Against the backdrop of a trade war with the United States and a crumbling economy, Moody’s has downgraded the rating of Turkey’s sovereign paper from Ba3 from Ba2 and changed its rating outlook to negative. The rating is a warning that investment in the debt comes with extreme risks.
Moody’s gave the reason:
The key driver for today’s downgrade is the continuing weakening of Turkey’s public institutions and the related reduction in the predictability of Turkish policy making. That weakening is exemplified by heightened concerns over the independence of the central bank, and by the lack of a clear and credible plan to address the underlying causes of the recent financial distress, notwithstanding recent statements by the government. The tighter financial conditions and weaker exchange rate, associated with high and rising external financing risks, are likely to fuel inflation further and undermine growth, and the risk of a balance of payments crisis continues to rise.
The nation is run by the dictator Recep Tayyip Erdoğan, who is called the nation’s president. He has held the job since 2014.
The value of the nation’s currency, the lira, has plunged. Inflation is rampant. The instability of the debt problem has made borrowing difficult.
There is ongoing worry that a default of Turkey’s debt could hit the balance sheets of EU-based banks.

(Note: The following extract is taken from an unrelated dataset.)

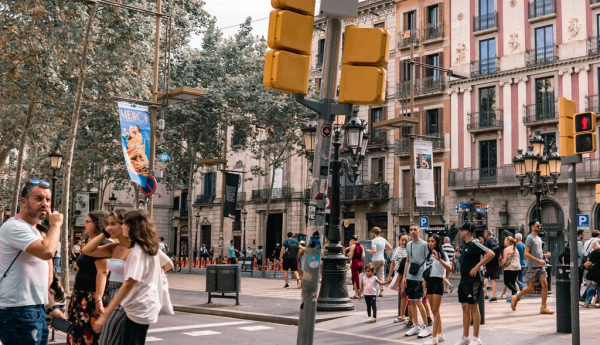Passeig de Gràcia. Asia World Trust Group/Shutterstock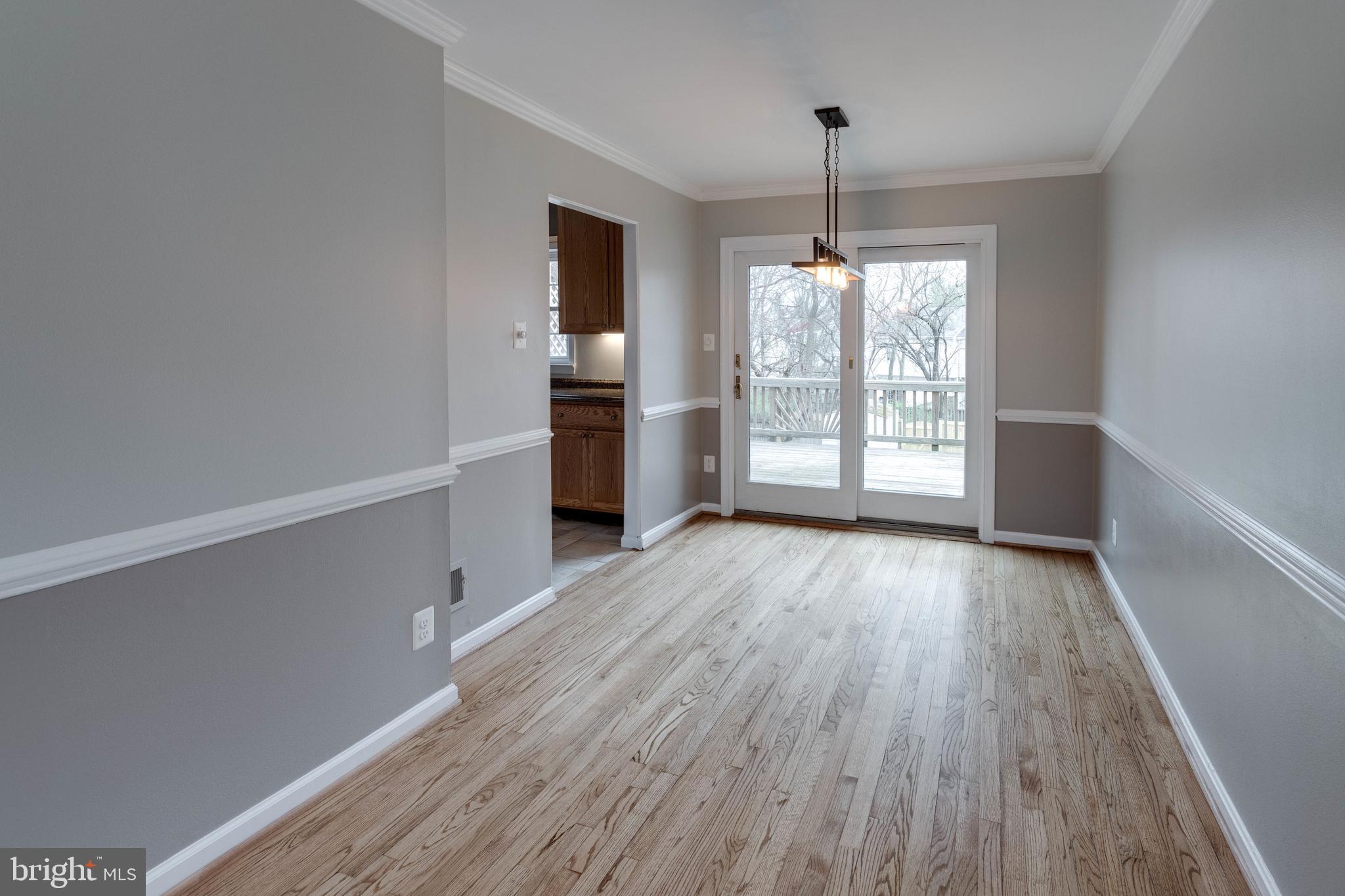 LONDON TOWNE - Residential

The IMF’s economists recently wrote:
Monetary policy appears too loose and its credibility is low; and on- and off-budget fiscal policies (including credit guarantee schemes and PPP activities) are expansionary and risk undermining Turkey’s hard-earned fiscal credibility. As a result, the economy faces internal and external imbalances: a positive output gap, inflation well above target, and a current account deficit of more than 5 percent of GDP. Meanwhile, political uncertainty and regional instability remain elevated, and the integration of the many refugees poses challenges.